Posted on 27/06/2012 by Stratty

In defence of 14-year-old girls

So it was that MP Charlie Angus, the NDP’s self-appointed guardian of civility, has declared that Twitter has “turned us all into 14-year-olds in a cafeteria” where “[e]verybody gets to be a Grade 9 girl.”

Yesterday’s context, of course, was Patrick Brazeau’s calling reporter Jen Ditchburn a “bitch” because she wrote an article that mentioned Brazeau’s poor attendance record, and for sure, the senator’s remarks were immature, though I’d argue more in keeping with the mindset of a hormonal male bully than a grade-nine girl.

But here’s more context: as Dale Smith rightly points out, Angus “makes name-calling a staple in QP” – hardly one to lecture, and as Smith tweeted to me, “I honestly can’t think of a bigger hypocrite for the NDP commitment to ‘decorum.’” (I replied that Pat Martin comes a close second.)

I didn’t think it possible that any MP could be as bone-headed as Bruce Hyer, with his random seating plan as a panacea for House decorum, as opposed to, say, MPs not acting like asses, but Angus takes the cake. The problem with political discourse in this country is Twitter. Yes, of course! Just ban #cdnpoli as a hashtag, delete your political accounts, and all will be well.

Recently I went for afternoon tea at the Chateau Laurier with a group of tweeps. We made “pinkies up and out” jokes and nibbled on cucumber and watercress sandwiches. It was refined, but it was play-acting. It wasn’t the real world.

The essential truth here is not that a social medium turns us into babies, or even that politics can be immature, but that life isn’t a tea party, Charlie.

Might I suggest that, in fact, most people have their moments? Angus acknowledges this and all but says that he has quit Twitter so he isn’t tempted to pull a Patrick Brazeau. Given his propensity for name-calling and negativity in the House, perhaps this is for the best, but Twitter didn’t turn Brazeau nasty, force Angus to heckle in the House, or cause Pat Martin to drop the f-bomb repeatedly, and it’s not why the trolls kept sending poor Charlie nasty messages.

Politics has been ugly forever. People have opinions, and political opinions are often deeply felt and communicated from the gut, without much reflection, in terms easiest for everyone to understand: love, hate, good, bad, and so forth. Anyone who’s ever held a sign or chanted a rhyming slogan at a protest march – and I’m hazarding a guess that this includes a leftist like Angus – has given in to the political propensity to oversimplify, vilify, reduce complex issues to a few, loud words.

In a perfect world, we’d have that idealized, completely untrue vision of Athenian democracy, in which calm, cool, collected individuals sit around philosophically debating political notions and reaching agreement through logic and compromise.
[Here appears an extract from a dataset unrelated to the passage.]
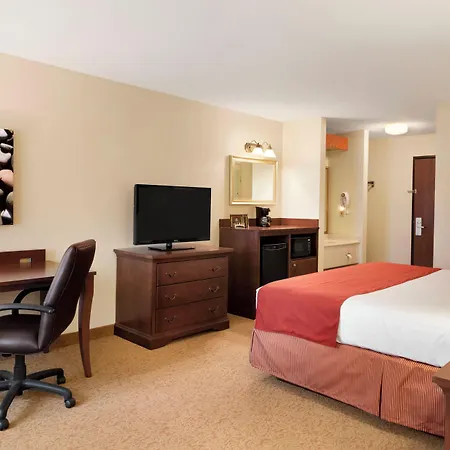 Country Inn & Suites By Radisson, Cedar Rapids Airport, Ia-3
This is not our world, and it never was.

So what is a politician to do, when the trolls say nasty things like “I hate you, Charlie Angus, and you sing terribly”? The answer will blow you away:

Ignore it.

If Charlie Angus doesn’t get hateful letters in the post, doesn’t have to hear constituents yelling down the phone line, that’s because he has staff to shield him from it. No assistant in his or her right mind would collect all the nasty letters delivered to the office and present them to the boss. “Here you go, Charlie, this week’s correspondence from right-wing nutters!”

The problem – though I don’t think it is a problem – is that Twitter has few filters. Note that I didn’t write “any filters,” because there’s a way around the conundrum for the sensitive and faint of heart:

Block people.

One is under no obligation to reply to everything on Twitter, and equally there’s no responsibility to follow everyone who wants to be followed (or else my own party would follow me) or duty to suffer verbal abuse. A few years ago, I made the conscious decision to ignore trolls. I realized I spent too much time arguing with them, time I could be spending discussing news stories, issues, and whatnot with people I do like.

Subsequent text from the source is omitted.